What is expected: Beneath this instruction is a listing. Transcribe from it only the stretch from the line with "В аренду: $1,500" through the line with "Photo of 520", both end lines included, exactly as written.

Dataset content:
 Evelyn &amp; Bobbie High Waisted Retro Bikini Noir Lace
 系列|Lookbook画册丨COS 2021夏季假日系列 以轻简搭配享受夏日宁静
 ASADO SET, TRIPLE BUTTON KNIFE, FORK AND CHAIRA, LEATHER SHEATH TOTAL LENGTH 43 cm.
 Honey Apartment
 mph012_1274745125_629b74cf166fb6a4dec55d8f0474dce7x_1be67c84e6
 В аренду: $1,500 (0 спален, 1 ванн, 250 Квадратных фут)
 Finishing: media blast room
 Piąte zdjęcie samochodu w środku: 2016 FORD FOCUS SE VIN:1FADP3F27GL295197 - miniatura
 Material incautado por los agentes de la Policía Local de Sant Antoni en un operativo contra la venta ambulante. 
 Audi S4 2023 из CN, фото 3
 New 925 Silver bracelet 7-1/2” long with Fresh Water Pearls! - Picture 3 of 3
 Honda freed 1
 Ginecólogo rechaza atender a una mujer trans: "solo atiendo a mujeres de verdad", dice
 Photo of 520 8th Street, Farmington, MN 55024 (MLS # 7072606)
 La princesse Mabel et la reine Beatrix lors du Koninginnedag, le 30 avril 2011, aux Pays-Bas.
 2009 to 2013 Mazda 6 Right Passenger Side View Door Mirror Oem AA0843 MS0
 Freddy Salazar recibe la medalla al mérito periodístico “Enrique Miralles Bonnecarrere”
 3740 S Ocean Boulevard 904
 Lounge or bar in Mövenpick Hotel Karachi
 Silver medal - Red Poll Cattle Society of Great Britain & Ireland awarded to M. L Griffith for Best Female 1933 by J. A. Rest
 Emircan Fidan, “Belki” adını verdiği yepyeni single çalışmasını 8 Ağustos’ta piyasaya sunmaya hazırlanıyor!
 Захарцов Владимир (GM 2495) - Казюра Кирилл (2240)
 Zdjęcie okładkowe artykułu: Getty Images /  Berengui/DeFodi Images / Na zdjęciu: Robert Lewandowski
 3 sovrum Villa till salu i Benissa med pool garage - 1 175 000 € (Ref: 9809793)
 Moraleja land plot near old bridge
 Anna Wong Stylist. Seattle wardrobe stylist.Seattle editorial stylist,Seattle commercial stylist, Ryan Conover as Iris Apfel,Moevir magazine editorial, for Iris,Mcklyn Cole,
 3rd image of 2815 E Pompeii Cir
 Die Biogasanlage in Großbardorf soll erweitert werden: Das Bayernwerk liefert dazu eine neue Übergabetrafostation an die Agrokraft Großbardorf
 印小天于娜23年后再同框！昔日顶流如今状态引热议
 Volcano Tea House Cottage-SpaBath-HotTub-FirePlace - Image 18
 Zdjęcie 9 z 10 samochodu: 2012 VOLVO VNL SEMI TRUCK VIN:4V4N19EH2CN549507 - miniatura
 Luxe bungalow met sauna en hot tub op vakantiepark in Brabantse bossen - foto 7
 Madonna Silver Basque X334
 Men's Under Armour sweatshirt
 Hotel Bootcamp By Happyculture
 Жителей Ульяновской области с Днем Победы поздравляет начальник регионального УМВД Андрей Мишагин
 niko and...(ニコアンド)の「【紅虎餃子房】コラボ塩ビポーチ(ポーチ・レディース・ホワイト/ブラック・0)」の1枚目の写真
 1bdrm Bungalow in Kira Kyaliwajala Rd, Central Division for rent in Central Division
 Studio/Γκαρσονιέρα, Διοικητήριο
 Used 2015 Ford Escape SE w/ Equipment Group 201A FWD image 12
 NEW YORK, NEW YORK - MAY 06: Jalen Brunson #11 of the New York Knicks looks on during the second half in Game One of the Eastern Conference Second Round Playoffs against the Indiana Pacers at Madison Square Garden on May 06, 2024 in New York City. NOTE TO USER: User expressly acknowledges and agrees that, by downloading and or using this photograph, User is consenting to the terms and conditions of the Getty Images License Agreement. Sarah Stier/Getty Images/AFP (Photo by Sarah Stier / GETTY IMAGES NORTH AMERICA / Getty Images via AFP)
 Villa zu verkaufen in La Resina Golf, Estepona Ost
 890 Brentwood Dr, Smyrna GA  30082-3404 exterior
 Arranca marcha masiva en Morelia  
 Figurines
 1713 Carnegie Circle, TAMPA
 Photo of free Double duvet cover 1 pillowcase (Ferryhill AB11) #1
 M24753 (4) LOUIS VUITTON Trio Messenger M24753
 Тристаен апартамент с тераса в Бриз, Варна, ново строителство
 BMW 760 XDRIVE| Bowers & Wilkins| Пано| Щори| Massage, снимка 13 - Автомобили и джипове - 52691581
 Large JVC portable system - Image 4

Output:
 В аренду: $1,500 (0 спален, 1 ванн, 250 Квадратных фут)
 Finishing: media blast room
 Piąte zdjęcie samochodu w środku: 2016 FORD FOCUS SE VIN:1FADP3F27GL295197 - miniatura
 Material incautado por los agentes de la Policía Local de Sant Antoni en un operativo contra la venta ambulante. 
 Audi S4 2023 из CN, фото 3
 New 925 Silver bracelet 7-1/2” long with Fresh Water Pearls! - Picture 3 of 3
 Honda freed 1
 Ginecólogo rechaza atender a una mujer trans: "solo atiendo a mujeres de verdad", dice
 Photo of 520 8th Street, Farmington, MN 55024 (MLS # 7072606)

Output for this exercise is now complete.